Por el contrario, la tercera novela publicada es La cátedra (Norma), del año 2000, donde un Casullo en plena madurez vital se sumerge en los dominios del gótico culto, en el relato fantástico y policial. Novela que mantiene una hermandad con las ficciones de Umberto Eco, pareciera ser, de todo el corpus, la más ajustada y profesional, la más acondicionada a cierto requerimiento de género e inteligibilidad. Extensa, también de largo aliento y plagada de desvíos y pasillos que no siempre se comunican, La cátedra presenta un aspecto lúdico algo más confortable que la anterior. Las indeterminaciones de la historia, la revolución y la memoria se funden aquí, con menos drama, en curiosidades académicas, de logia erudita. Todo hace pensar en un Casullo que sumergido en su época de mayor actuación universitaria, en un momento en el que la reflexión intelectual, evocativa o crítica, gana la escena.
Orificio
Pero resulta que hay una cuarta novela. Inédita, difícil explicar por qué más allá de una postergación que mutó a traspapelarse y que, sin embargo, según cuenta la familia, era un asunto pendiente que lo entretuvo hasta sus últimos días, en los que se encontraba corrigiéndola. Si bien fue escrita a principios de los noventa, exactamente entre El frutero de los ojos radiantes y La cátedra, esta novela no fue publicada por Casullo. Su título es Orificio y resulta ser una novela muy diferente a las otras. Con un poder de conmoción inusual, con una condensación de problemas, de sensaciones y prefiguraciones que descolocan, Orificio tal vez sea el secreto mejor guardado. Contracara exacta de Para hacer el amor en los parques, en esta novela no hay revolución ni clase social a redimir ni pasado históricamente situable ni afecto familiar que remontar. Con una estética de ciencia ficción, quizá de comic, transcurre en una Buenos Aires del año 2117, donde todo es naufragio, tribalización, violencia consumada y esperpéntica, sexo sin cuerpos o desmembrados, antepasados convertidos en mutantes, barrios convertidos en feudos, gobiernos centrales descontrolados. Algo peor que el país de las últimas cosas. Lo que ha quedado donde no ha quedado nada, pero donde Orificio, un ser violento que acecha ante los violentos y los freaks, acumula víctimas y replicantes, dialoga con las ruinas y es ungido como líder de una muchedumbre desechada, perdida, que puja por lo primario sin saber que exista otra cosa o sufriendo por algo que ya no conoce.
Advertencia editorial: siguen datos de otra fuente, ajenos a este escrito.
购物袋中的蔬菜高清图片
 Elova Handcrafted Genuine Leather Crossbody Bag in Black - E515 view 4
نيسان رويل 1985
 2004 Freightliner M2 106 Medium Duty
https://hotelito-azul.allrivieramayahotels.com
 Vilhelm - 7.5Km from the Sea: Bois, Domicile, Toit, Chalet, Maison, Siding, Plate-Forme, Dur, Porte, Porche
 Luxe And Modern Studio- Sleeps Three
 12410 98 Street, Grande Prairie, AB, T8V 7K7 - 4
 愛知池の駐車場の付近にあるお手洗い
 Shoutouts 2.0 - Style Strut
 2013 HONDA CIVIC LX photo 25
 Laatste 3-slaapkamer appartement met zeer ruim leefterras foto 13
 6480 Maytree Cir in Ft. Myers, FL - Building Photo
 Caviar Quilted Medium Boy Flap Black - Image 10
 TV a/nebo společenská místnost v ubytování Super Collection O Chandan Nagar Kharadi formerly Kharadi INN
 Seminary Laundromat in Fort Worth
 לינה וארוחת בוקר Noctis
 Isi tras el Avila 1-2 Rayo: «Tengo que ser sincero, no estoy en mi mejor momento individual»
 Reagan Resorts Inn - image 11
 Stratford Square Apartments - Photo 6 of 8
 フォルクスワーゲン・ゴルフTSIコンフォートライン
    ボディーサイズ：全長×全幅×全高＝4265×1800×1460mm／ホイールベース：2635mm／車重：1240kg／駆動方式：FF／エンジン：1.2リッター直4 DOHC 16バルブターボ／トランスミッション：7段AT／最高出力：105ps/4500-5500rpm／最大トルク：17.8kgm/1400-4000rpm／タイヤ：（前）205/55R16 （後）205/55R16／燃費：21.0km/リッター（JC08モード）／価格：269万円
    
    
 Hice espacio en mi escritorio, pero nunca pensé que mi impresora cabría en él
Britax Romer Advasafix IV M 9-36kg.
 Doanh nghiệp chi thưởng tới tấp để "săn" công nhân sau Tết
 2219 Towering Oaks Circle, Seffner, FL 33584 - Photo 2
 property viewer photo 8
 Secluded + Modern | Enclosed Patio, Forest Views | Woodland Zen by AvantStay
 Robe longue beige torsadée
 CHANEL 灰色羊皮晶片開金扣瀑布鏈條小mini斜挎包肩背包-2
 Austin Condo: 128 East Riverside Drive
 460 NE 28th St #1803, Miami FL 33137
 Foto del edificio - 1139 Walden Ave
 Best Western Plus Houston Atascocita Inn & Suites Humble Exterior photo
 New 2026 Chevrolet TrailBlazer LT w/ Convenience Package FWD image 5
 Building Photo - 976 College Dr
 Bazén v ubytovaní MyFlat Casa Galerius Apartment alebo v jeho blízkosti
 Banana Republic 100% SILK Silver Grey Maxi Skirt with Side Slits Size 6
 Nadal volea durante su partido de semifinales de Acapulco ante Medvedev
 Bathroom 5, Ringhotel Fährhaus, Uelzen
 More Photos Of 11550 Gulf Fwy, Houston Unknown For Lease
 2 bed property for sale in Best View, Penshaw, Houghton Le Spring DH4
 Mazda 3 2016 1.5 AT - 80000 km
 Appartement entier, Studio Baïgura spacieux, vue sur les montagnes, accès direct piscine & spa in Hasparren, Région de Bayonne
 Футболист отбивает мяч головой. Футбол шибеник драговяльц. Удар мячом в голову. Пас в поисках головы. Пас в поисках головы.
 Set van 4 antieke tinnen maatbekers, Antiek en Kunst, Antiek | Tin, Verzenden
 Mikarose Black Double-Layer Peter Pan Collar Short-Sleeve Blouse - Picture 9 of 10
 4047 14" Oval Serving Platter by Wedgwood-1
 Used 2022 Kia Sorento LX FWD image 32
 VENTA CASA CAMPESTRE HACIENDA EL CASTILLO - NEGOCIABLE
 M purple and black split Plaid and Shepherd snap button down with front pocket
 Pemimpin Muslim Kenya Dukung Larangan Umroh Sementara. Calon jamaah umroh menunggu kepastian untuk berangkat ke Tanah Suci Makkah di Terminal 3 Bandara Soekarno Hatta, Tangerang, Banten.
Es una Buenos Aires fantasmal que Casullo escribe durante los primeros años del menemismo y tras la caída de los socialismos reales, donde la barbarie ha hecho brotar defectos, relinchos y letanías sufrientes. Pero a la vez donde imprime un laborioso trabajo taxonómico, de nombres de personajes, calles, sitios, subregiones, esquinas, monumentos y playas, que evocan una y otra vez lo que ha sido y puede volver a ser.